Vamos _mas é_ comer, que estou cheio de fome.
Eu quero _é_ ver o filme! 
Desculpa_ lá_.


----------



## Carfer

Es sólo una manera enfática de decir. Significa _'Entrad_'


----------



## EUROPE-SPAIN

Muchas gracias por las aclaraciones Carfer y englishmania =O), ha sido de utilidad vuestras explicaciones.

Un saludo


----------



## carlosev

que valor tiene "é" en frases como "agora estou é cheio de fome" o "saiam é cedo de casa"?me da la impresion de que al traducirlas al español se puede suprimir sin más, pero no estoy seguro


----------



## Vanda

Bienvenido Carlos, 

Juntei a uma discussão sobre assunto já existente. Pr favor, leia os posts acima do seu.


----------



## okporip

Ocorreu-me que talvez esse uso enfático de "mas é" tenha correspondentes no espanhol. Aqui no cone sul das Américas, ele me parece ao menos semelhante às formas "_nomás_" e "_pues_".
_
Vámonos nomás, que ya se nos hace tarde.

Vámonos, pues, que ya se nos hace tarde._

Será que tenho razão na percepção da semelhança? Será que, na Espanha, por exemplo, essas formas resultariam compreensíveis?


----------



## Fanaya

okporip said:


> Ocorreu-me que talvez esse uso enfático de "mas é" tenha correspondentes no espanhol. Aqui no cone sul das Américas, ele me parece ao menos semelhante às formas "_nomás_" e "_pues_".
> _
> Vámonos nomás, que ya se nos hace tarde.
> 
> Vámonos, pues, que ya se nos hace tarde._
> 
> Será que tenho razão na percepção da semelhança? Será que, na Espanha, por exemplo, essas formas resultariam compreensíveis?

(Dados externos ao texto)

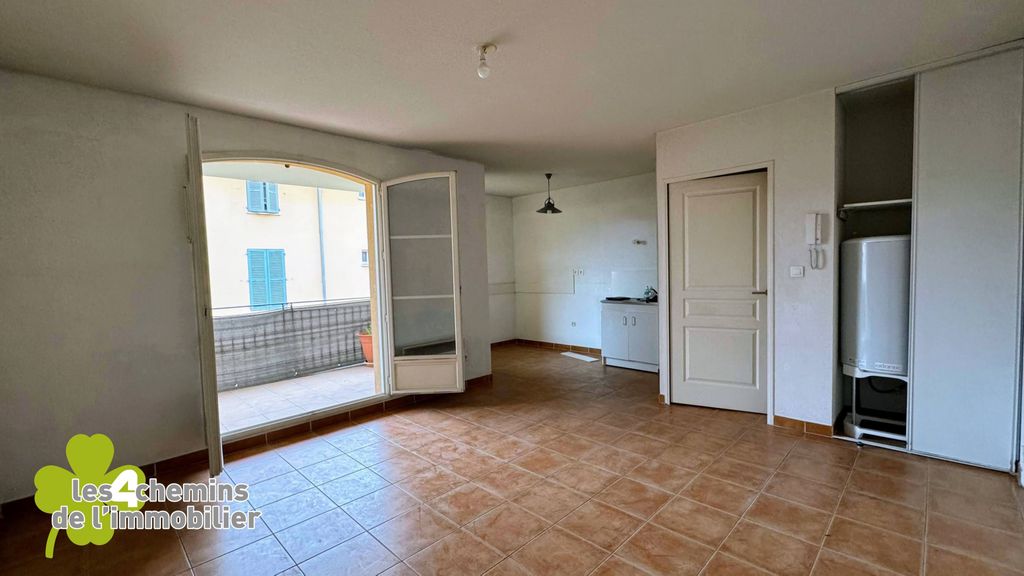 Achat appartement à vendre 2 pièces 42 m² - Châteauneuf-le-Rouge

São compreensíveis ambas, sim. Soa-me estranho esse '_nomás_', pois é uma estrutura atípica aos meus olhos. Eu escreviria '_no más_'. Além disso, nós, espanhóis, não dizemos '_nomás_' ou '_no más_' para ênfase, mas entendemos porque, afinal de contas, ouve-se frequentemente nos filmes e telenovelas sul-americanos. Quanto ao '_pues_', usa-se, sem dúvida, a miúdo. Eu diria que é um bordão "muito espanhol" .


----------



## okporip

Fanaya said:


> São compreensíveis ambas, sim. Soa-me estranho esse '_nomás_', pois é uma estrutura atípica aos meus olhos. Eu escreviria '_no más_'. Além disso, nós, espanhóis, não dizemos '_nomás_' ou '_no más_' para ênfase, mas entendemos porque, afinal de contas, ouve-se frequentemente nos filmes e telenovelas sul-americanos. Quanto ao '_pues_', usa-se, sem dúvida, a miúdo. Eu diria que é um bordão "muito espanhol" .



Fiquei na dúvida sobre a grafia e fui ao RAE:
*
nomás**.*

* 1.     * adv. m._ Am. Mer._,_ C. Rica_,_ Hond._,_ Méx._ y_ Nic._ *no más*      (‖ solamente).

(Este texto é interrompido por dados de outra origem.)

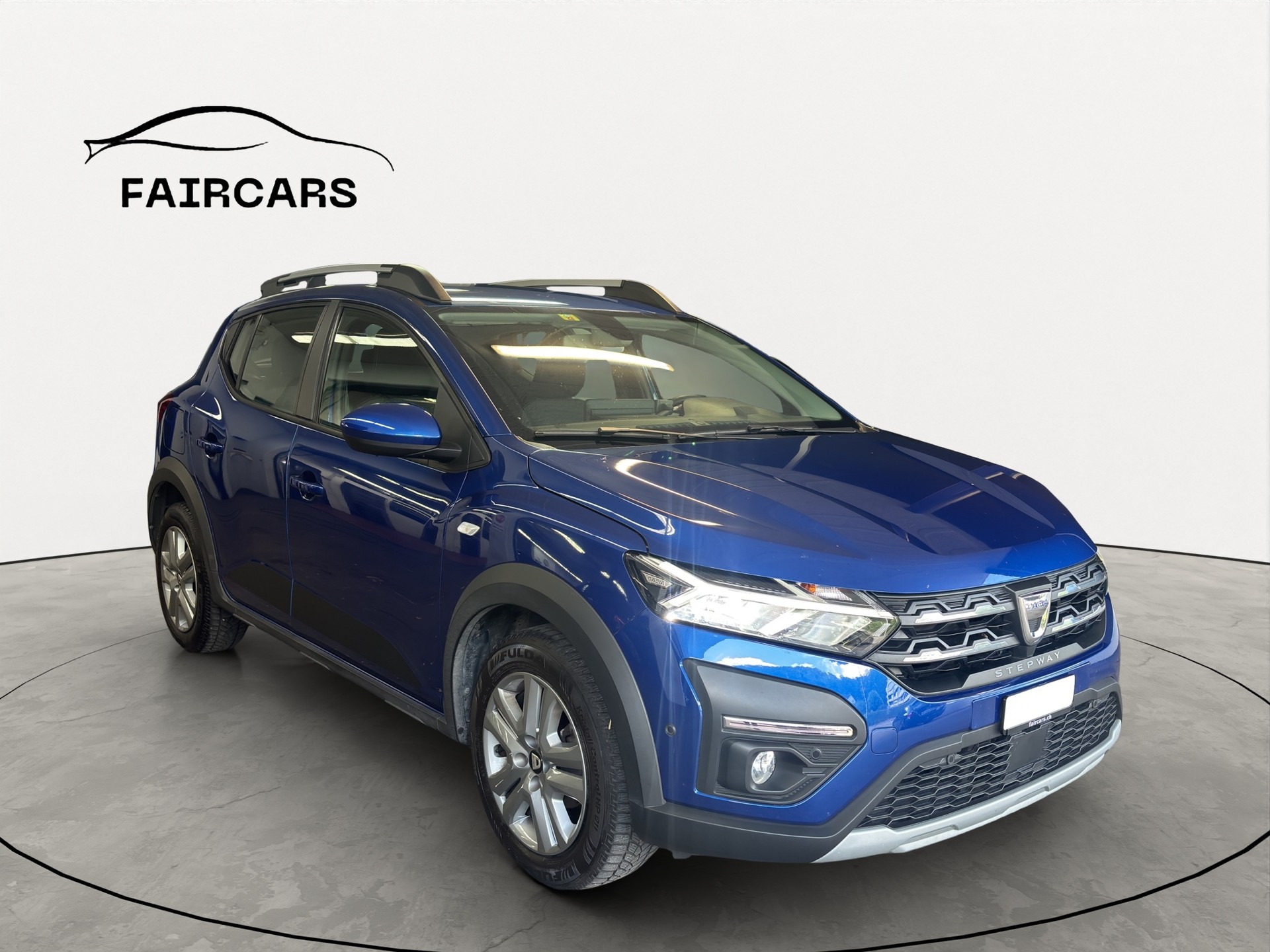 DACIA Sandero Stepway TCe 90 Comfort-image-7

* 2.     * adv. m._ Am. Mer._,_ El Salv._,_ Hond._ y_ Méx._ U. en oraciones exhortativas, generalmente pospuesto, para añadir énfasis a la expresión. _Pase nomás._ _Atrévase nomás._

* 3.     * adv. m._ Arg._,_ Bol._,_ Col._,_ El Salv._,_ Nic._ y_ Ur._ Apenas, precisamente.



__


----------



## Weliton

Realmente temos esse costume de pôr o verbo "ser" nas frases pra enfatizar; legal notar isso!


Istriano said:


> Você vai no/ao/pro cinema?
> -Vou/É.
> 
> Você ganhou a competição?
> -Ganhei/Foi/É
> 
> Nossa língua é rica.


Também costumamos usar para concordância/confirmação o "*aham*" (que é um neologismo).


----------



## WhoSoyEu

carlosev said:


> que valor tiene "é" en frases como "agora estou é cheio de fome" o "saiam é cedo de casa"?me da la impresion de que al traducirlas al español se puede suprimir sin más, pero no estoy seguro


Si puedes suprimirla. Se trata de un refuerzo de énfasis.


----------